1802 год тоже был для Карамзина тяжелым: как и Андрей Иванович, он потерял горячо любимую жену. С бледным лицом, обнаженной головой прошагал Карамзин пятнадцать верст от подмосковного Свирлова, где умерла супруга, до Донского монастыря, рядом с траурной колесницей, положив руку на дорогой сердцу гроб… Горе сблизило друзей. Карамзин находил в себе силы жить, писать, издавать журнал, не клясть судьбу - за это и любил его старший Вяземский… В эти дни он часто виделся еще с Юрием Александровичем Нелединским-Мелецким, очень милым и любезным человеком, поэтом и старым другом по армии. Петр Андреевич вспоминал, что однажды отец сказал ему: "Послушай, если уже тебе суждено быть повесой, то будь им по крайней мере как Нелединский…" Но первые его впечатления от Нелединского были скорее гастрономического характера: мальчика изумляли и восхищали добрый аппетит гостя и тот почет, который оказывался ему за столом.

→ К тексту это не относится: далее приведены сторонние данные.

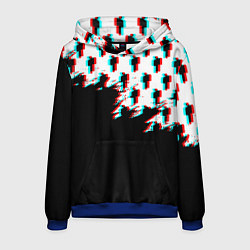 Толстовка-худи мужская Billie Eilish pattern glitch, цвет: 3D-синий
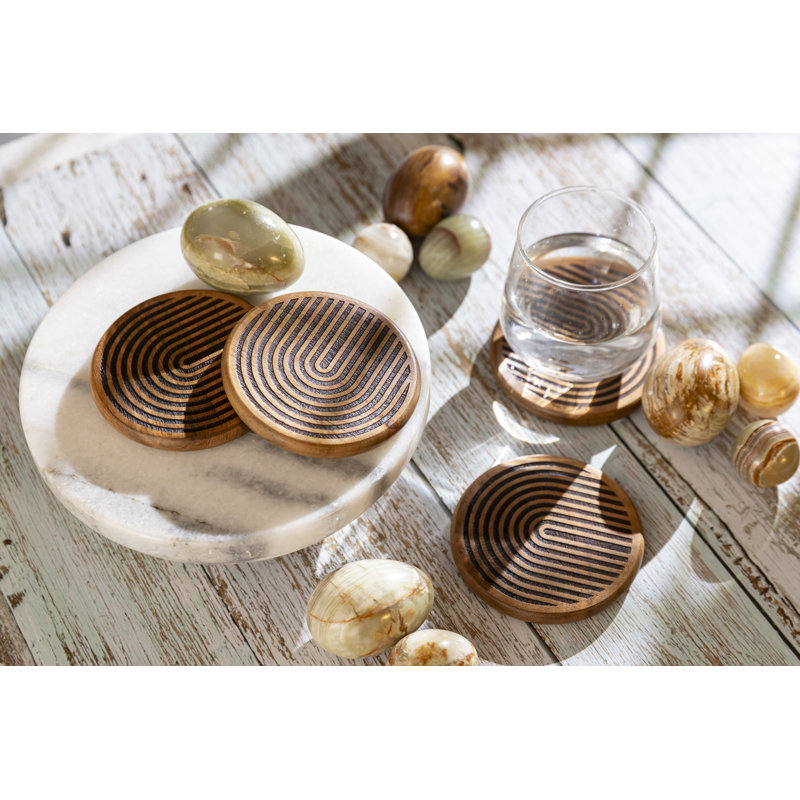 Ensemble de 4 sous-verres en bois avec incrustation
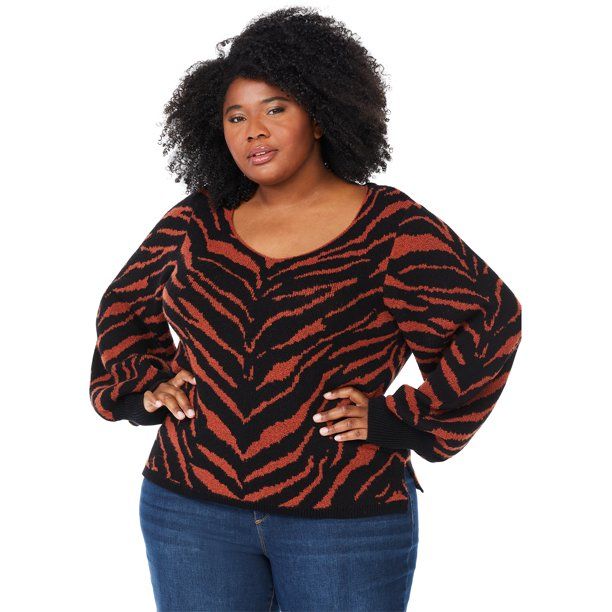 Sofia Jeans by Sofia Vergara Plus Size Sweetheart Neck Sweater - Walmart.com | Walmart (US)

Во время же, не отмеченное печалью, двери дома в Малом Знаменском переулке были широко распахнуты не только для самых близких друзей хозяина, но и для всех москвичей, разумеется, родовитых. И их общество было для Вяземского куда полезнее, чем холодные отцовские нотации и нестройные уроки многочисленных наемных немцев и французов. Андрей Иванович принимал гостей по вечерам, с девяти часов. Странные это были приемы - в две небольшие комнаты, Диванную и Зеленую, набивалось от пяти до пятидесяти человек, и начинался общий разговор за чаем. Потом карты. Если народу было слишком много, молодежь отправлялась в нежилые покои, где начинались танцы под скромный и нестройный аккомпанемент скрипки и флейты. Хозяин неизменно сидел у камина с книгой в зеленом сафьяновом кресле, улыбаясь вновь входящим. И ведь ничего особенного на первый взгляд не предлагалось гостям - ни изысканного угощения (кормили, по воспоминаниям гурманов, просто плохо), ни модных petits jeux… Зато было другое. Здесь обсуждались перемены, задумываемые правительством, и тактика Буонапарте (Андрей Иванович был поклонником первого консула, в спальне его даже висел большой портрет Наполеона, вытканный из лионского шелка), остряки пробовали новые каламбуры, поэты - новые стихи. Обстановка была самая непринужденная. Позднее Петр Андреевич писал, что отцовский дом "был едва ли не последним в Москве домом, устроенным на этот лад. Едва ли не был он последним и в мире европейского общежития". Под этим ладом, под миром европейского общежития подразумевалась та атмосфера утонченной, светской, свободной интеллектуальности, которая была сметена во Франции революцией 1789 года, а в Москве - пожаром 1812-го.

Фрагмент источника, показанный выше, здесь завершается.